Exercise inputs -
*** Block opens ***

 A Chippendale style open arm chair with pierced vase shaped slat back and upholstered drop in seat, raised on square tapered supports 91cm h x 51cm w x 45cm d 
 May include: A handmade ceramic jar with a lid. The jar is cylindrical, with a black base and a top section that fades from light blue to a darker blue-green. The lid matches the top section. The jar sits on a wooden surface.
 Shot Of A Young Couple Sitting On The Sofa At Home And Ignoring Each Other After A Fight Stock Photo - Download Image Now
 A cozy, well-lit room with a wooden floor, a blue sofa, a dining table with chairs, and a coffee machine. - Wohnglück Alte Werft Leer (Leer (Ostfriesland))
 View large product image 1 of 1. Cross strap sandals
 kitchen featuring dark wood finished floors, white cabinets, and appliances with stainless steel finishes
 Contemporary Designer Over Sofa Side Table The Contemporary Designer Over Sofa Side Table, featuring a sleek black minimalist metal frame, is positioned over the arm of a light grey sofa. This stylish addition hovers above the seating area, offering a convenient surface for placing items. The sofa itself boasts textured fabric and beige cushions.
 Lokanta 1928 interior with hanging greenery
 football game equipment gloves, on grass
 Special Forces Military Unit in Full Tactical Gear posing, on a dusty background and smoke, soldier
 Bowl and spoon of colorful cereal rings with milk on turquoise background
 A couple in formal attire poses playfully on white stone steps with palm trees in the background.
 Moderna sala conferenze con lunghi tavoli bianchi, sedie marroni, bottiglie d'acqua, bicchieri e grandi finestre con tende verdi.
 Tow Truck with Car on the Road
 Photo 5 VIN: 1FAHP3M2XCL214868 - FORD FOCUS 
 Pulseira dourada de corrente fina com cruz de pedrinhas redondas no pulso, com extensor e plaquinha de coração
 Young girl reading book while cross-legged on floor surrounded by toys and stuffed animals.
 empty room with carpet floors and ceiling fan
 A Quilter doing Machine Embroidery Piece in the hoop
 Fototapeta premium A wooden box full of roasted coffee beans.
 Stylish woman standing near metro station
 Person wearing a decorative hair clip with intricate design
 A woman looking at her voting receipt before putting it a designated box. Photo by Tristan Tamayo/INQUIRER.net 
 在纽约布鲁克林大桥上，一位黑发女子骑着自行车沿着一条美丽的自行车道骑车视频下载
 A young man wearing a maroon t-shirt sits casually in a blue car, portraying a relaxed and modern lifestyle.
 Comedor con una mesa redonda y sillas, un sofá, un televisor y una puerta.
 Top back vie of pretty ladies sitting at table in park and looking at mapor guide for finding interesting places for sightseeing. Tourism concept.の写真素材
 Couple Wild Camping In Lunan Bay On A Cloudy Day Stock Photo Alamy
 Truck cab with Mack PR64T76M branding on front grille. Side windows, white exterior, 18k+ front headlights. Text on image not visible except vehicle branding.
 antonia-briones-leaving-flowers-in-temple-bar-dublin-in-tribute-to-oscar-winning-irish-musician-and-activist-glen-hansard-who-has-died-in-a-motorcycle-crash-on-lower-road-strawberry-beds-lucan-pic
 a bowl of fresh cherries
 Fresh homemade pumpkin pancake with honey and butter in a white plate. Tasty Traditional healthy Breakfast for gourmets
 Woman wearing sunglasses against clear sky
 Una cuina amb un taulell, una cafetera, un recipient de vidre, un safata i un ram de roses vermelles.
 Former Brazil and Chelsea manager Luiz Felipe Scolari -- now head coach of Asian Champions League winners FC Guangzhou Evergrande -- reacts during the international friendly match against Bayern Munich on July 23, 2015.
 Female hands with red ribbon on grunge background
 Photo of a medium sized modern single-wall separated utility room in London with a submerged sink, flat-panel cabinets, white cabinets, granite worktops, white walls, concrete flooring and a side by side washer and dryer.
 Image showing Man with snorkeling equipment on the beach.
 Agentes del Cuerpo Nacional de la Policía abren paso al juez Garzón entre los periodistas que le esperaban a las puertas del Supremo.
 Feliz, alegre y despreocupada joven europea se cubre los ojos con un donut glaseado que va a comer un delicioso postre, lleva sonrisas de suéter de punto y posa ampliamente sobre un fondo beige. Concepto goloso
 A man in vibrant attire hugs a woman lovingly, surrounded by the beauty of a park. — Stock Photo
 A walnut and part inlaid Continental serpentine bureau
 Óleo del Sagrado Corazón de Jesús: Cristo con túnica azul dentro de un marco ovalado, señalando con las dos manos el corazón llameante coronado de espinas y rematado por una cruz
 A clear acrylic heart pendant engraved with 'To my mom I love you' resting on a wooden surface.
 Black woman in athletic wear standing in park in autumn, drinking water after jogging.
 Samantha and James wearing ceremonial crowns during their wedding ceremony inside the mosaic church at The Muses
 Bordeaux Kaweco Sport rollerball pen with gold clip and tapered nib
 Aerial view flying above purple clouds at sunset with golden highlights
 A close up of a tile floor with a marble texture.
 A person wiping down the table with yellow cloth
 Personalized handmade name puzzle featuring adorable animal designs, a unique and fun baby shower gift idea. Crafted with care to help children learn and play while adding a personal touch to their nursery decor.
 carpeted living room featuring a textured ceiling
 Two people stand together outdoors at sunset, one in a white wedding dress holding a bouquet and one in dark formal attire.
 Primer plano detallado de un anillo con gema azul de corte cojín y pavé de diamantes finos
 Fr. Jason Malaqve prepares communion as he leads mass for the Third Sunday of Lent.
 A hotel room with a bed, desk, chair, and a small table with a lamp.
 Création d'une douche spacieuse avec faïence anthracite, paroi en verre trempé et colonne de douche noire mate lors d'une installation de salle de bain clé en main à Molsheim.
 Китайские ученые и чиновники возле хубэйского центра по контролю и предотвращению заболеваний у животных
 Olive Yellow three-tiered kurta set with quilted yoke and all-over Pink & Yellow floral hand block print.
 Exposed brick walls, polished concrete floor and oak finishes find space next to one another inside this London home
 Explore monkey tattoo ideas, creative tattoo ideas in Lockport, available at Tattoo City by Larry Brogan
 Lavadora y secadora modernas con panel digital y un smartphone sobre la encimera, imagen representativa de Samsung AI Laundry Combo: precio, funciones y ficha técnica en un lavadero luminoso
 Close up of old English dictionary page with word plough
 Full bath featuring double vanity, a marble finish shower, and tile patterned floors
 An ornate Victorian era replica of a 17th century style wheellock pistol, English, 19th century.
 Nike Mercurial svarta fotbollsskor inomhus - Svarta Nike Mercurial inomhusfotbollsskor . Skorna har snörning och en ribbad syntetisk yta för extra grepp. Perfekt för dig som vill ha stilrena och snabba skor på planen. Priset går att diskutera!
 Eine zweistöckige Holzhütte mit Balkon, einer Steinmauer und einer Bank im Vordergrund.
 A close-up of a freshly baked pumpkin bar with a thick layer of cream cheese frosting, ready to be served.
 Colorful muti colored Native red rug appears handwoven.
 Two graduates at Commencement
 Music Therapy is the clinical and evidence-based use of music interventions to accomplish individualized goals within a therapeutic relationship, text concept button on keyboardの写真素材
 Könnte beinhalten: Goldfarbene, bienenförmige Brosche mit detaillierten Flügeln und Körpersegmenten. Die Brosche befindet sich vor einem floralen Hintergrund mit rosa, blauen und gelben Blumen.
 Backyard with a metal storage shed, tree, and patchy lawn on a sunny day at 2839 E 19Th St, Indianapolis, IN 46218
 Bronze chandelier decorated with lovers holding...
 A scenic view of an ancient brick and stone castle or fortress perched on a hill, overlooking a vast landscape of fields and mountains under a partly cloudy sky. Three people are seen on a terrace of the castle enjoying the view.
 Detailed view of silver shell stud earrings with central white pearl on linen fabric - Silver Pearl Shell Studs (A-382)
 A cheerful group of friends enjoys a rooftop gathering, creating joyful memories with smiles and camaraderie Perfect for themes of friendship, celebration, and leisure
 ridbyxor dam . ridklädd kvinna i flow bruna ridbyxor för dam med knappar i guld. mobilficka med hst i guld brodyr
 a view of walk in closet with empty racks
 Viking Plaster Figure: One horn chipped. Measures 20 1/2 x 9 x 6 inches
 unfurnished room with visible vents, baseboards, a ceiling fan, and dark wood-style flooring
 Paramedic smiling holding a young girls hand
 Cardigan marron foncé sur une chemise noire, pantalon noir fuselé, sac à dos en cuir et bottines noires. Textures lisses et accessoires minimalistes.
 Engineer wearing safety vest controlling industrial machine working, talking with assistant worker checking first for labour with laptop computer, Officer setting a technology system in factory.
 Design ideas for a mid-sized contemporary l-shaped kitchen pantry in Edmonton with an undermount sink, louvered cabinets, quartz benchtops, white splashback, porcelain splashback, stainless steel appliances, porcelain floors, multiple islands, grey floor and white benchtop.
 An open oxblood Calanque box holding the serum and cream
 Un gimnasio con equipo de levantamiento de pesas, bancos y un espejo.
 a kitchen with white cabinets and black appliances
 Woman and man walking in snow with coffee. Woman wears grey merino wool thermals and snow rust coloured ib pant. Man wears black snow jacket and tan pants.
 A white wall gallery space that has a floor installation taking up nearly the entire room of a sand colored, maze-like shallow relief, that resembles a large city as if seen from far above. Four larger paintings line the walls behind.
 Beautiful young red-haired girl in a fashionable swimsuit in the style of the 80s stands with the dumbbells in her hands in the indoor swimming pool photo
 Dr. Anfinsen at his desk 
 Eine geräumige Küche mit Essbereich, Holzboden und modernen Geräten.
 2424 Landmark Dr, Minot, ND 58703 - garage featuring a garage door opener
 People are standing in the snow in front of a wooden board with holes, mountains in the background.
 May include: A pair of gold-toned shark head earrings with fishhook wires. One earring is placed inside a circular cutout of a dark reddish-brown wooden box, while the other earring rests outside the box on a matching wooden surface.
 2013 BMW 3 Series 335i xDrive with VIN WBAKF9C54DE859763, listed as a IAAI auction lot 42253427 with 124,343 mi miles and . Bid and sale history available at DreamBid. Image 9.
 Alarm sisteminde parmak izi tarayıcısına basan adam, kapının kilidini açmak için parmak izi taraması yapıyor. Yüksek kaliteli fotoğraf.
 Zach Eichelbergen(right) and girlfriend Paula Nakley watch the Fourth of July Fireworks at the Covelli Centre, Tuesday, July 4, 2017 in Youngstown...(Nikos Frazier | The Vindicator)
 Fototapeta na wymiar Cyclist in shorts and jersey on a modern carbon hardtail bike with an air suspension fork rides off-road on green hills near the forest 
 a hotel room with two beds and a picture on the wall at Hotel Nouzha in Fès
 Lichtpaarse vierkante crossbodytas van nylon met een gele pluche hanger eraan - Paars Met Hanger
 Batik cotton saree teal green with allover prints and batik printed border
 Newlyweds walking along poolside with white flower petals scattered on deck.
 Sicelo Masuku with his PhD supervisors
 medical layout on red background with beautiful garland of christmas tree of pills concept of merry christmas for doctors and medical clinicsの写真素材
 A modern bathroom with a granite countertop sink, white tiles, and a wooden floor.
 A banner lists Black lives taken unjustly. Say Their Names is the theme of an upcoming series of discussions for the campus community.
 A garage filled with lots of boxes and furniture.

*** Block closes ***

Task to carry out -
All that is needed is the exact run of lines above from the line containing "Fr. Jason Malaqve" through the line containing "A hotel room with a", both of them included.

Task output -
 Fr. Jason Malaqve prepares communion as he leads mass for the Third Sunday of Lent.
 A hotel room with a bed, desk, chair, and a small table with a lamp.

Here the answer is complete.